Voglio ricordarmi della prima tranche di automobili distrutte, le “più fortunate” con i vetri rotti, la più disgraziata invece completamente bruciata. Una macchina può scoppiare? Oppure brucia senza mai saltare in aria? Questa domanda me la ponevo passandoci accanto, me la sarei posta più volte nel corso della giornata. Vorrei anche ricordare di una ragazza dietro di me, una manifestante come tante che ha urlato: “Hanno fatto bene a sfondarle, sono macchinoni. I proprietari le tasse le evadono, hanno fatto bene”. Ora, immagino che la suddetta signorina avesse contatti diretti con i commercialisti dei proprietari di questa autovetture, altrimenti non so spiegarmi tanta scienza in una frase sola.

Voglio ricordarmi il Colosseo, e purtroppo non per la bellissima cornice storica e artistica. Proprio più avanti ai Fori Imperiali c’erano ad attenderci un gruppo omogeneo e compatto di circa cinquecento persone pronte a bloccare il corteo. Ora, li chiamo black bloc solo per assecondare la scelta cromatica di questi signori, in quanto l’attribuzione più consona per definirli me la tengo serbata nel cuore, lasciando a voi la possibilità di scegliere il nome maggiormente confacente. Tutti i partecipanti hanno spinto per allontanare questi personaggi dal nostro cammino, invitandoli a scegliere una via di comunicazione e protesta che non intralciasse la volontà sacrosanta dei cittadini di manifestare. Il passaggio si è liberato, ma da quel momento la violenza ci ha imprigionato tutti.

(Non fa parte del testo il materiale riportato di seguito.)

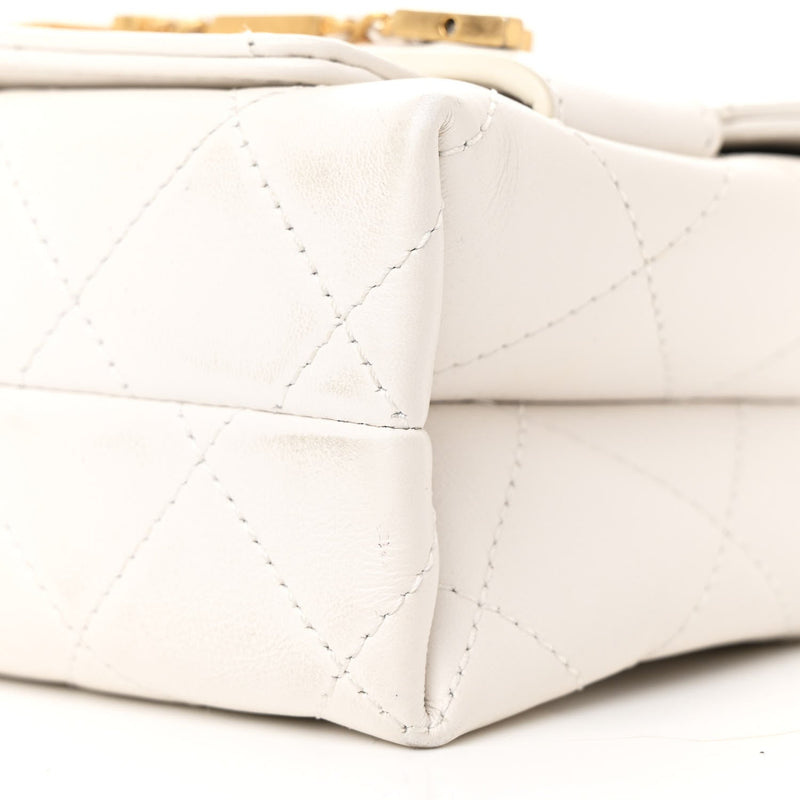 Calfskin Quilted Small Enchained Flap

Voglio ricordarmi che la sciarpa l’avevo portata per ripararmi dal vento, e non dall’odore acre delle macchine, dei cassonetti incendiati e dall’effetto dei lacrimogeni. Voglio ricordarmi delle persone che scappavano, uno accanto all’altra. Quelli sono stati sicuramente i momenti peggiori, perché non si conosceva il motivo della fuga, ed eri aperto a tutte le possibilità; poteva essere una carica della polizia, un cassonetto incendiato, un fumogeno, un petardo, una spranga che dal nulla cominciava a picchiare. Nell’impossibilità di vagliare con la dovuta calma tutte le opzioni, il consiglio che mi hanno offerto è stato quello di rimanere calma, non correre, e aspettare vicino al camioncino che la situazione si calmasse.

Voglio ricordarmi di tutto quello che mi circondava: dello speaker che annunciava di mantenersi sempre sul lato sinistro per la paura che qualcosa potesse scoppiarci accanto; dell’abitazione completamente in fiamme, e di altre due macchine distrutte; delle camionette della polizia, che non sapevi mai se e quando avrebbero deciso di caricare.

Voglio ricordarmi di tutto quello che mi circondava: una faccia serena che ti sorride, ti prende per mano, e ti dice di stare tranquilla; amici che percepiscono visibilmente la tua paura e ti dicono che non succederà niente, che tra poco ce ne andremo… loro non sanno se è vero, ma te lo dicono comunque.

Voglio ricordarmi di una paura paralizzante di cui non so parlare, ma che mi ha accompagnato fedelmente per parte della giornata. Voglio ricordare le lacrime che non riuscivano ad uscire, e della frase con cui mi consolavo nel difficoltoso cammino: “Giunti a piazza San Giovanni sarà tutto finito e finalmente ce ne potremo andare”. Voglio ricordarmi dell’annuncio dello speaker poco dopo: “Ci hanno appena informati che hanno iniziato a caricare a piazza San Giovanni”.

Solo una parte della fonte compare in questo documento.